* [Web page caption snippets]:
* * * * * * * * *
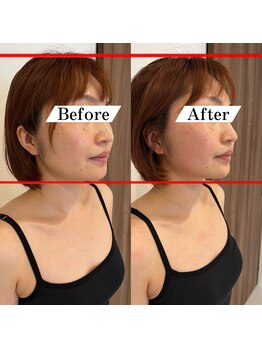 ドクターボディ 浜松店(Dr.Body)/【人中縮小/中顔面短縮】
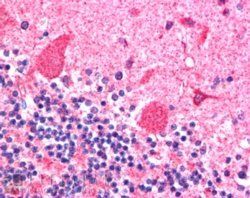 Dynactin Antibody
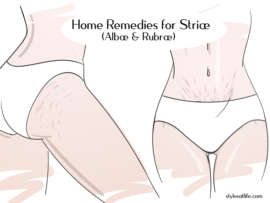 Stretch Marks: 8 Best Home Remedies for Striae (Albae & Rubrae)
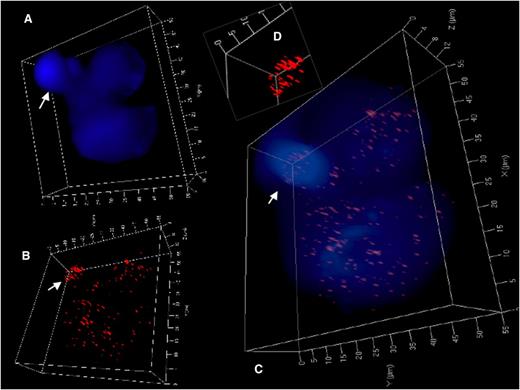 Figure 4. 3D identification of disturbed nuclear telomere organization in a trinuclear LMP1-expressing RS-like BJAB-tTA-LMP1 cell. (A) 3D reconstruction of nuclear DNA (DAPI; blue) in surface mode reveals a small folded satellite nucleus (arrow), a second nucleus at the upper right and a third large nucleus at the bottom. (B) 3D telomere (red) reconstruction in surface mode reveals abundant telomeres in lower part of the small satellite nucleus (arrow) and irregular telomere distribution in the large nucleus. (C) Combined 3D nuclear staining confirms telomere rich DNA dense satellite nucleus (arrow) and uneven telomere distribution in the large nucleus. (D) Inset (folded satellite nucleus) localizes short telomeres and also aggregates to its lower part. Further 3D telomere analysis of this satellite nucleus is shown in supplemental Figure 2B.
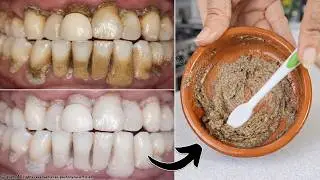 🦷 Натуральная смесь для отбеливания желтых зубов в домашних условиях за 1 день. 🔥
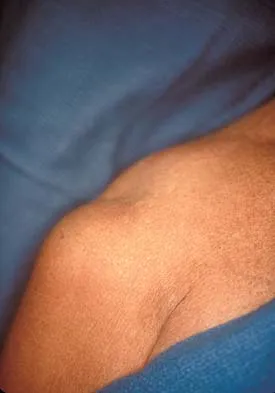 Upper Extremity 2005 Practice Questions: Set 1 (Solved) - Figure 29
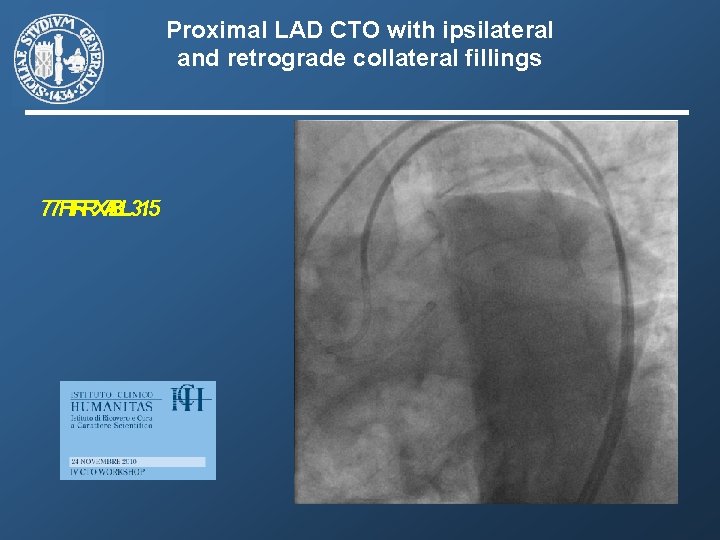 Proximal LAD CTO with ipsilateral and retrograde collateral fillings 77 FR FRXB AL 3.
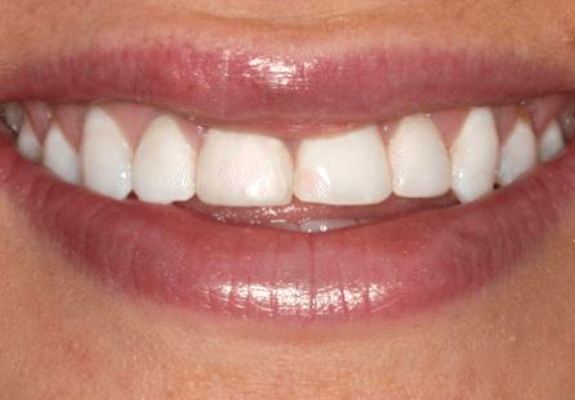 Worn and discolored teeth before cosmetic dentistry
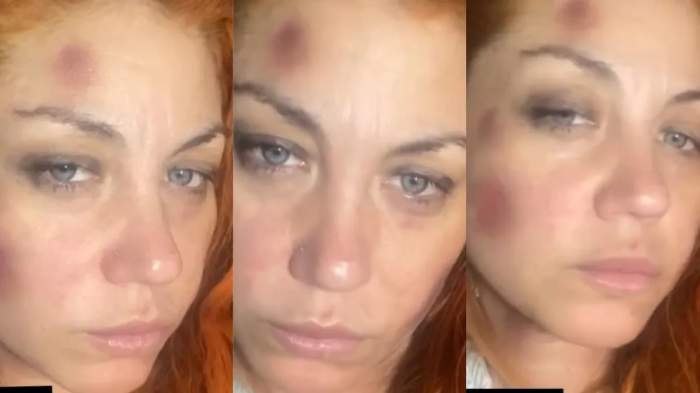 Golpes y moretones: la acusación de violencia de género de una ex Bandana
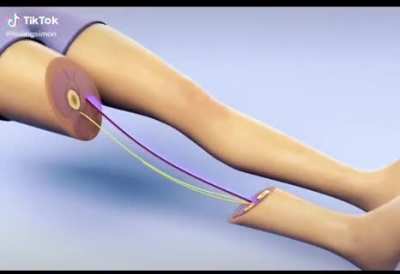 How to fix a leg from 5 minute crafts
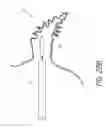 Fig. 27 - Method for accessing the left atrial appendage with a balloon-tipped transeptal sheath
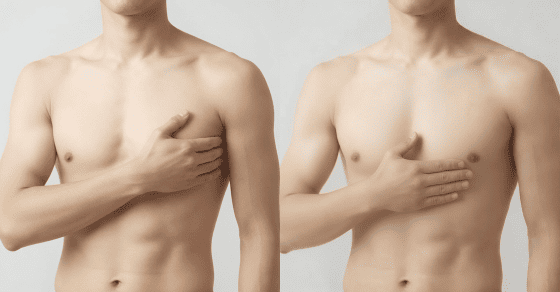 男 スペンス乳腺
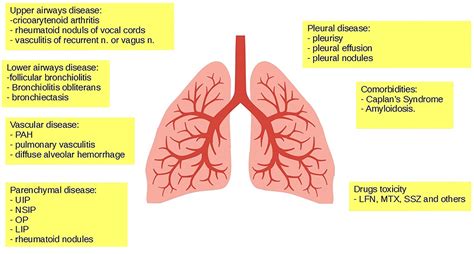 [PDF] Rheumatoid Arthritis Associated Interstitial Lung Disease in ...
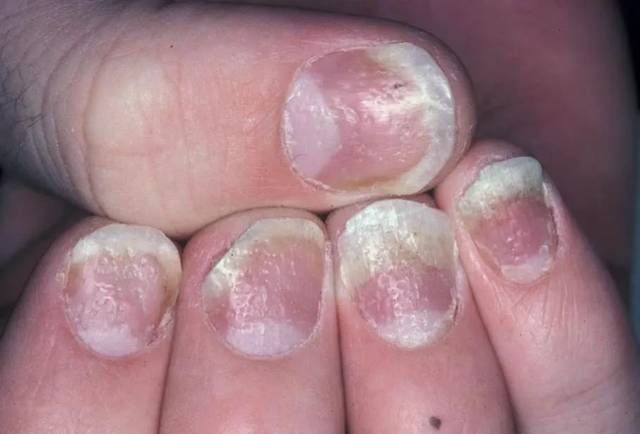 10种可能误诊为甲真菌病的指甲病变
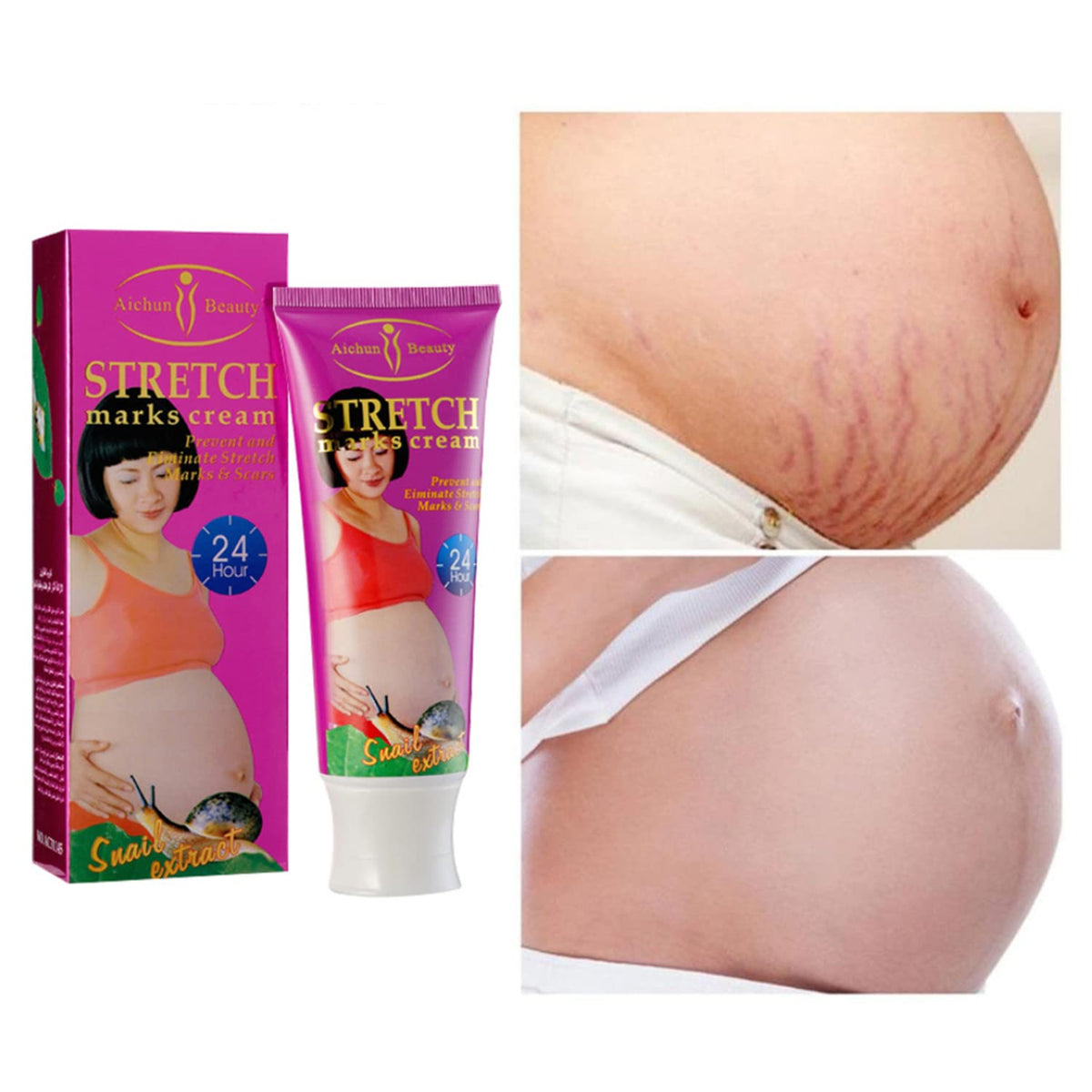 Snail Stretch Marks Cream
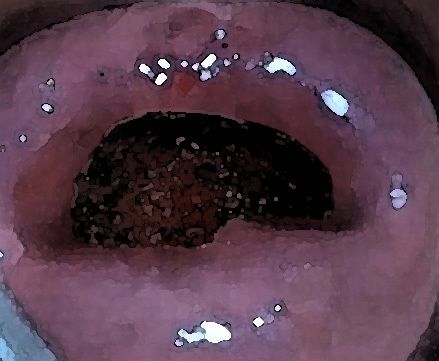 私の蟲姦遊び 17 話 妊娠中にスズメガのサナギ編(シングルママの日常) - FANZA同人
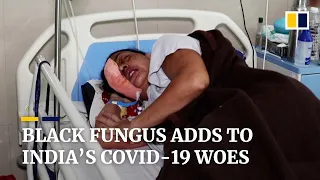 The black fungus nightmare facing India’s coronavirus patients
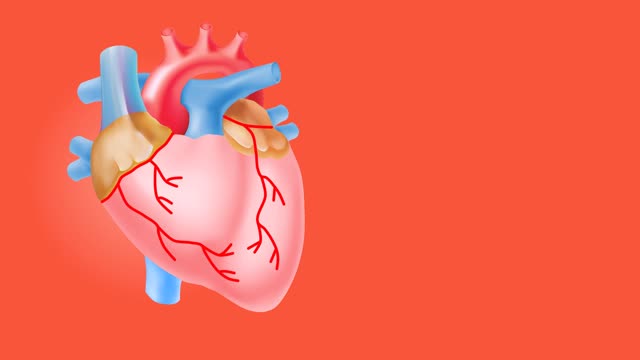 Heart attack coronary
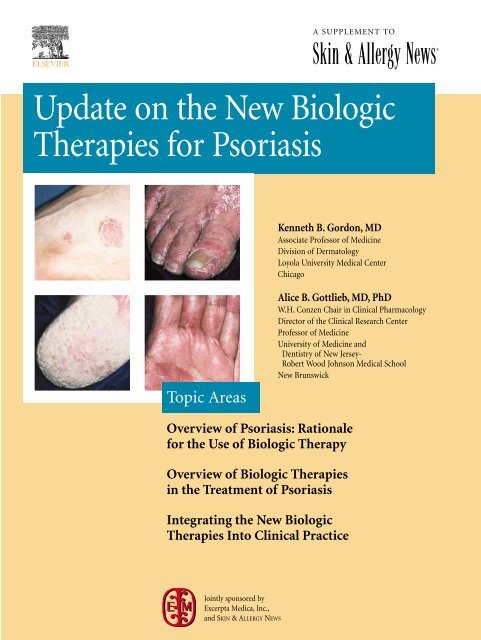 Overview Of Psoriasis - Global Academy for Medical Education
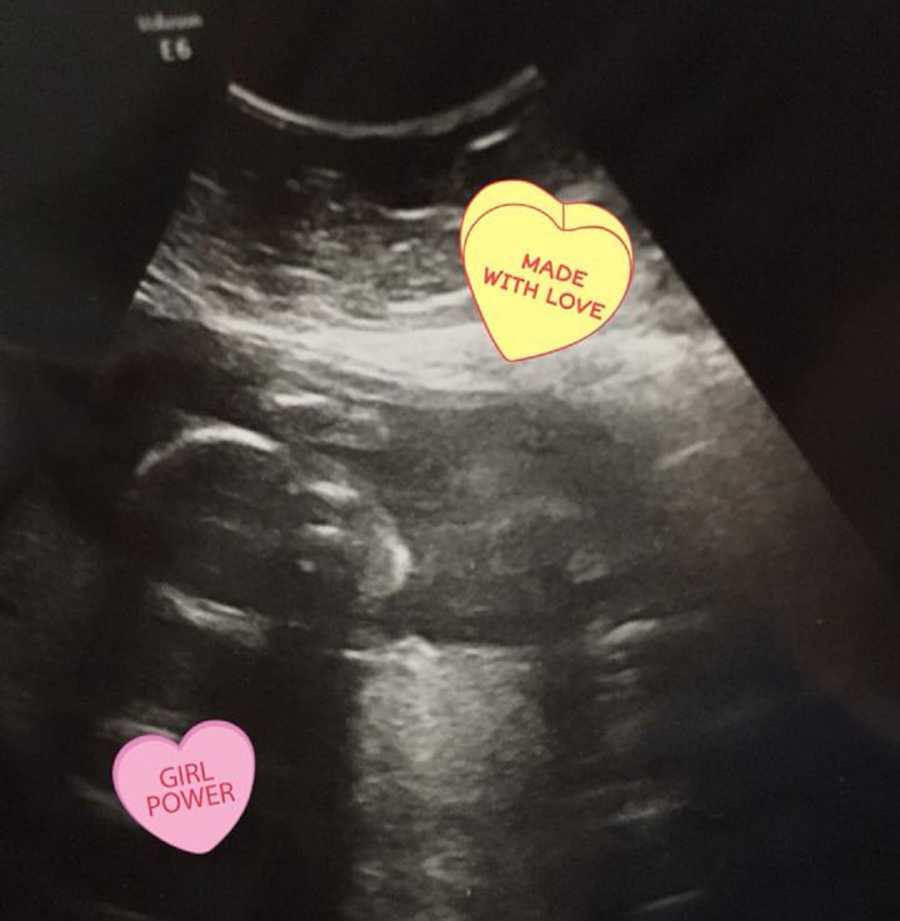 Ultrasound of baby girl with photoshopped candy hearts on it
* * * * * * * * *
* [DESCRIPTION OF THE TASK]:
Your answer should be a precise transcript of the entries, minus the pictures.

* [RESULT BELOW]:
 ドクターボディ 浜松店(Dr.Body)/【人中縮小/中顔面短縮】
 Dynactin Antibody
 Stretch Marks: 8 Best Home Remedies for Striae (Albae & Rubrae)
 Figure 4. 3D identification of disturbed nuclear telomere organization in a trinuclear LMP1-expressing RS-like BJAB-tTA-LMP1 cell. (A) 3D reconstruction of nuclear DNA (DAPI; blue) in surface mode reveals a small folded satellite nucleus (arrow), a second nucleus at the upper right and a third large nucleus at the bottom. (B) 3D telomere (red) reconstruction in surface mode reveals abundant telomeres in lower part of the small satellite nucleus (arrow) and irregular telomere distribution in the large nucleus. (C) Combined 3D nuclear staining confirms telomere rich DNA dense satellite nucleus (arrow) and uneven telomere distribution in the large nucleus. (D) Inset (folded satellite nucleus) localizes short telomeres and also aggregates to its lower part. Further 3D telomere analysis of this satellite nucleus is shown in supplemental Figure 2B.
 🦷 Натуральная смесь для отбеливания желтых зубов в домашних условиях за 1 день. 🔥
 Upper Extremity 2005 Practice Questions: Set 1 (Solved) - Figure 29
 Proximal LAD CTO with ipsilateral and retrograde collateral fillings 77 FR FRXB AL 3.
 Worn and discolored teeth before cosmetic dentistry
 Golpes y moretones: la acusación de violencia de género de una ex Bandana
 How to fix a leg from 5 minute crafts
 Fig. 27 - Method for accessing the left atrial appendage with a balloon-tipped transeptal sheath
 男 スペンス乳腺
 [PDF] Rheumatoid Arthritis Associated Interstitial Lung Disease in ...
 10种可能误诊为甲真菌病的指甲病变
 Snail Stretch Marks Cream
 私の蟲姦遊び 17 話 妊娠中にスズメガのサナギ編(シングルママの日常) - FANZA同人
 The black fungus nightmare facing India’s coronavirus patients
 Heart attack coronary
 Overview Of Psoriasis - Global Academy for Medical Education
 Ultrasound of baby girl with photoshopped candy hearts on it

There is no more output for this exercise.